Labour will soon unveil a promise to change the law to allow for the part re-nationalisation of the rail network.
Public and not-for-profit companies would be allowed to run train services as well as private firms.
I understand that Ed Miliband and the rail unions have reached an agreement on this.
It comes as the party leadership fights off calls for full-scale re-nationalisation of the railways at this weekend's Labour policy conference.
The new law would allow the creation of a state-owned train company to compete against Virgin, Stagecoach and other private companies to run services in different parts of the country.
At the moment the East Coast Mainline is run by a public company which was established when the private firm running it said it could no longer deliver the service.
However, the coalition government is committed to getting a private firm to take it over later this year.
Labour say that it is bizarre that state run railways in other countries can bid to run this and other services, but not a British equivalent.
The party is also facing pressure from rail companies who have warned that this move could deter them from bidding and investing in the railways as it would increase the costs of them competing to run rail franchises.

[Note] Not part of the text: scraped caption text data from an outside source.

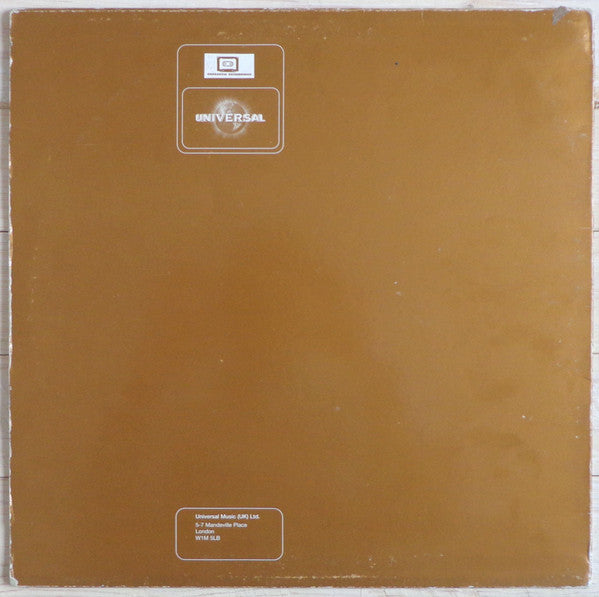 Rasco : Heat Seeking (12", Promo)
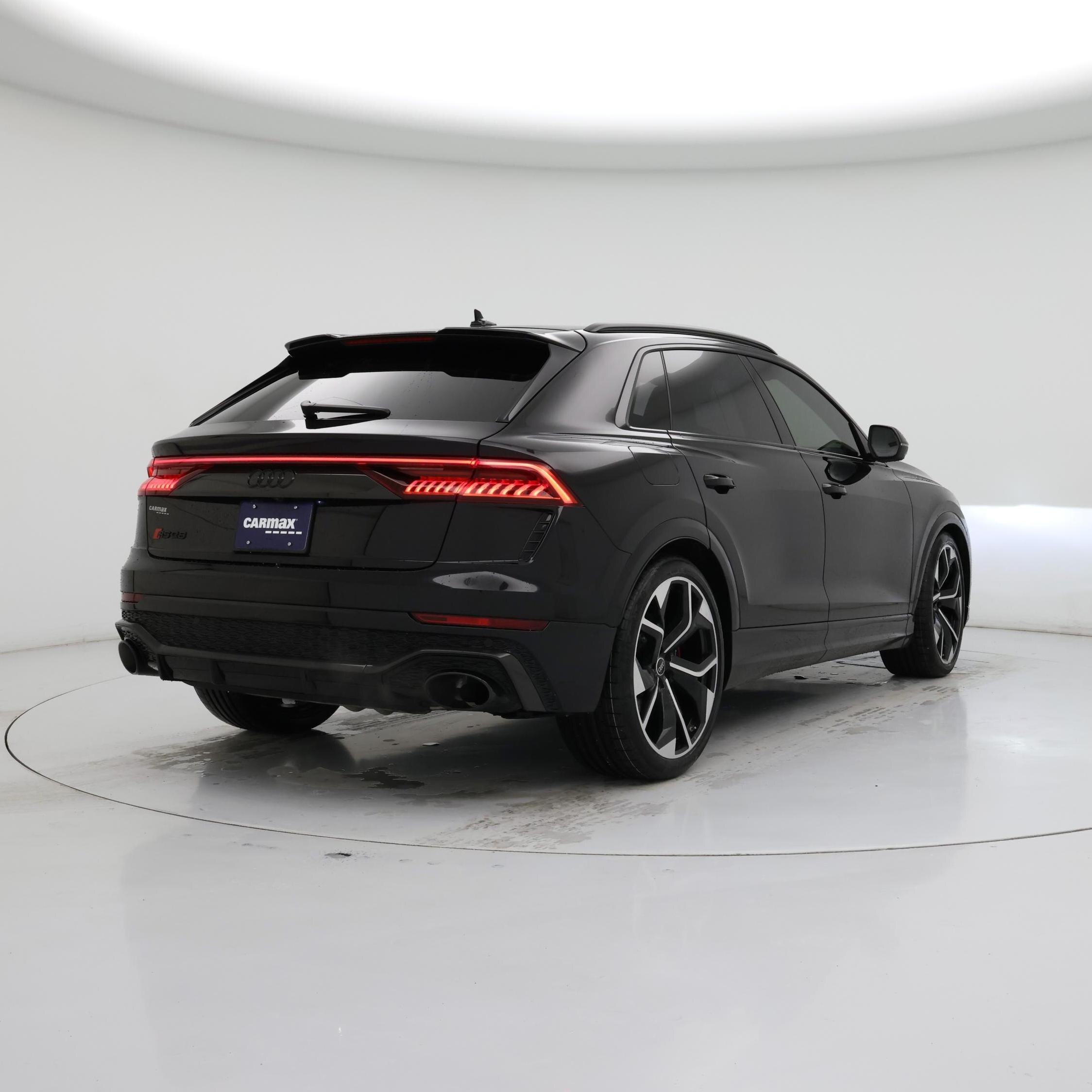 Thumbnail: 2021 Audi RS Q8 - 8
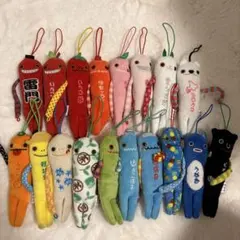 モケケ　まとめ売り　223体 2025年最新】モケケまとめ売りの人気アイテム - メルカリ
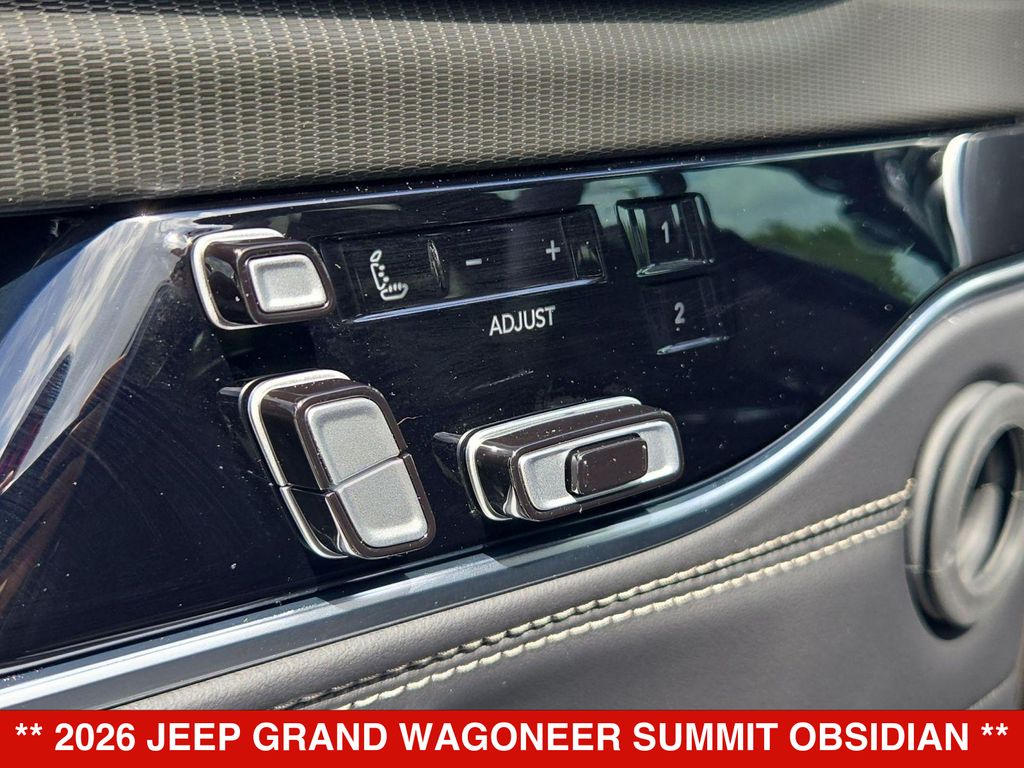 Thumbnail: 2026 Jeep Grand Wagoneer - 23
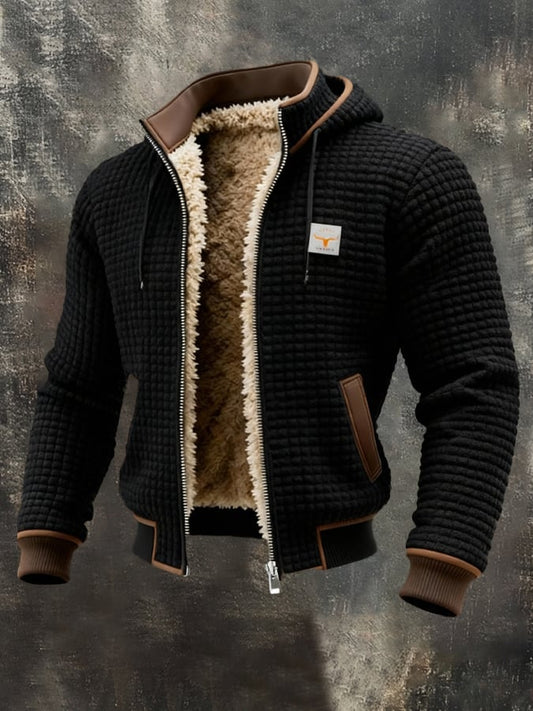 MATHIS™ | GEFÜTTERTE FLEECE-JACKE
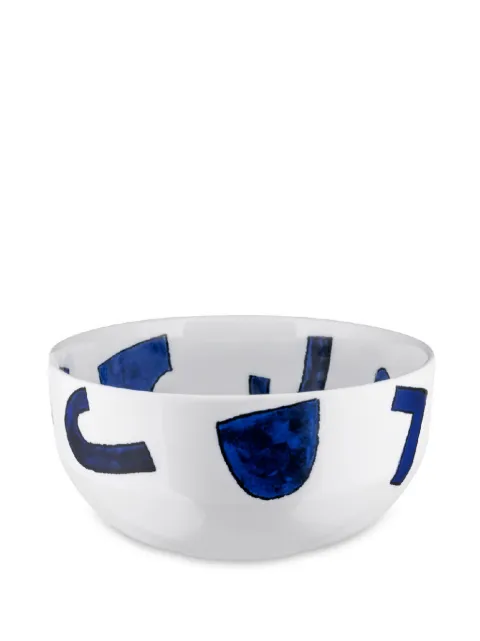 Alessi x Naoto Fukasawa Itsumo salad bowl (2l) White NF083820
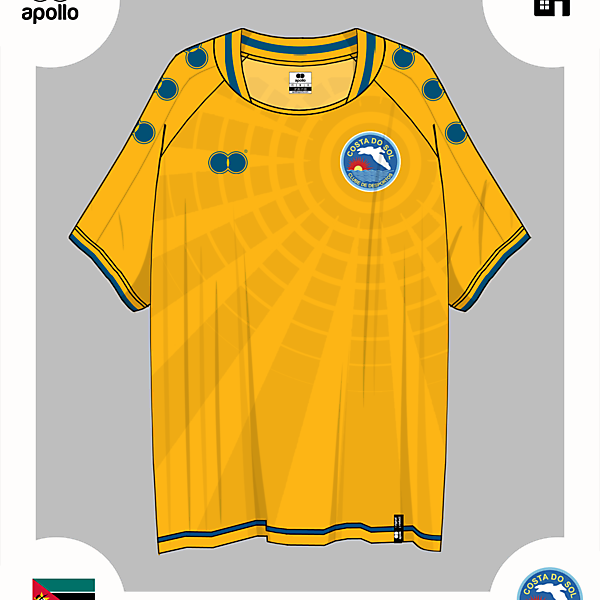 costa do sol home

I understand that the rail unions (Aslef, TSSA and Unite, but not the RMT who are not affiliated to the Labour Party) have had meetings with Ed Miliband and his advisers ahead of this weekend's National Policy Forum which will agree what's being described as "the foundation of our manifesto".
A compromise motion has been drawn up which also calls for new national and regional bodies to run and control the railways and to give passengers a legal right to the cheapest tickets and annual caps on fare rises.
In the run-up to this weekend's conference, Labour's policy chief Jon Cruddas has written: "Simply accepting the status quo is not an option for Labour. But nor is a throw-back to the days of British Rail. Public ownership did not solve the problem of chronic under-investment in the railways or the lack of long-term planning.
"This means answers to how we plan future rail investment when there is less money around. How we drive value for money and innovation. How we get Network Rail to come together with operators to create a system that works better for travellers and commuters."
Here is the final wording of the motion to go to Labour's Policy Forum which will be held Friday and Saturday:
"Since the late 1990s there has been significant investment in the railways and passenger numbers have grown sharply. But it is now clear that the rail system is not delivering a fair deal for passengers or the taxpayer, almost 20 years on from the botched privatisation of the railways. Both public subsidy and fares are higher than in other countries, and there is no 'guiding mind' overseeing the railways, planning investment and ensuring results. We have also seen a chaotic franchising process in recent years that has cost millions. To tackle these problems the next Labour government will:
"Review this government's failed franchising process as a priority, after the chaos of recent years, to safeguard taxpayer and passenger interests and put in place a system that is fit for purpose.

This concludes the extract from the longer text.